Dopo la Seconda guerra mondiale: la provincia del Kosovo gode di uno statuto di autonomia, ancorato nel 1974 nella Costituzione della Federazione jugoslava.

1989: il presidente serbo Slobodan Milosevic annulla lo statuto di autonomia e invia l’esercito in Kosovo per sedare le proteste.

1998: decine di migliaia di kosovari abbandonano le loro case in seguito ad un’offensiva condotta da Belgrado contro l’Esercito di liberazione del Kosovo (UCK).

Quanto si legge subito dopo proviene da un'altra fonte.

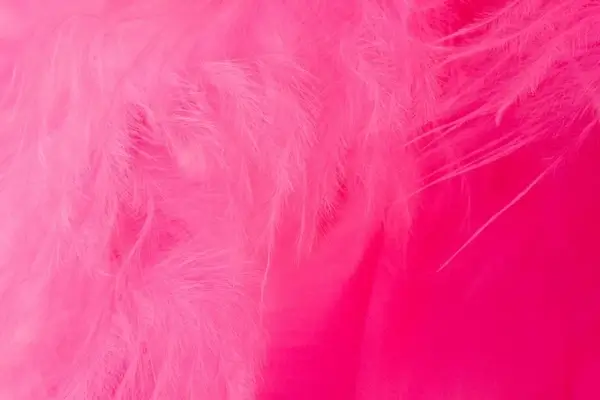 pink feather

1999: la Nato lancia una serie di attacchi aerei contro la Serbia per porre fine al conflitto tra le forze serbe e gli indipendentisti albanesi. Dopo due mesi e mezzo di bombardamenti, 50’000 soldati della Nato vengono stazionati in Kosovo e la provincia viene posta sotto il protettorato dell’Onu.

2007: il leader separatista Hashim Thaci vince le elezioni parlamentari e preannuncia la proclamazione dell’indipendenza del Kosovo.

17 febbraio 2008: il primo ministro kosovaro Hashim Thaci dichiara il Kosovo uno Stato «indipendente, sovrano e democratico».

27 febbraio 2008: la Svizzera riconosce l’indipendenza del Kosovo e instaura relazioni diplomatiche e consolari con questo nuovo paese dei Balcani.

28 marzo 2008: la ministra degli esteri svizzera inaugura l’ambasciata elvetica a Pristina.

8 ottobre 2008: l’Assemblea generale dell’ONU ha approvato la risoluzione avanzata dalla Serbia di chiedere alla Corte internazionale di giustizia dell’Aja una perizia sulla legittimità dell’indipendenza del Kosovo.

In Svizzera vivono da 170 a 190 mila espatriati kosovari, ossia quasi il 10% della popolazione residente in Kosovo. Si tratta della la più folta comunità di espatriati kosovari, dopo quella che si trova in Germania.

La Confederazione partecipa dal 1999 alla missione di pace delle truppe internazionali KFOR (Kosovo Force), guidate dalla Nato. Circa 220 soldati svizzeri della Swisscoy sono stazionati in Kosovo. Il loro impiego è stato prolungato dalle camere (Consiglio nazionale, Consiglio degli Stati) almeno fino al 2011.

La Svizzera figura tra i principali paesi donatori del Kosovo. La Direzione della cooperazione e dello sviluppo (DSC) e la Segreteria di Stato dell’economia (SECO) hanno impiegato 13 milioni nel 2009 e hanno stanziato 17 milioni per il 2010 per i programmi nel Kosovo.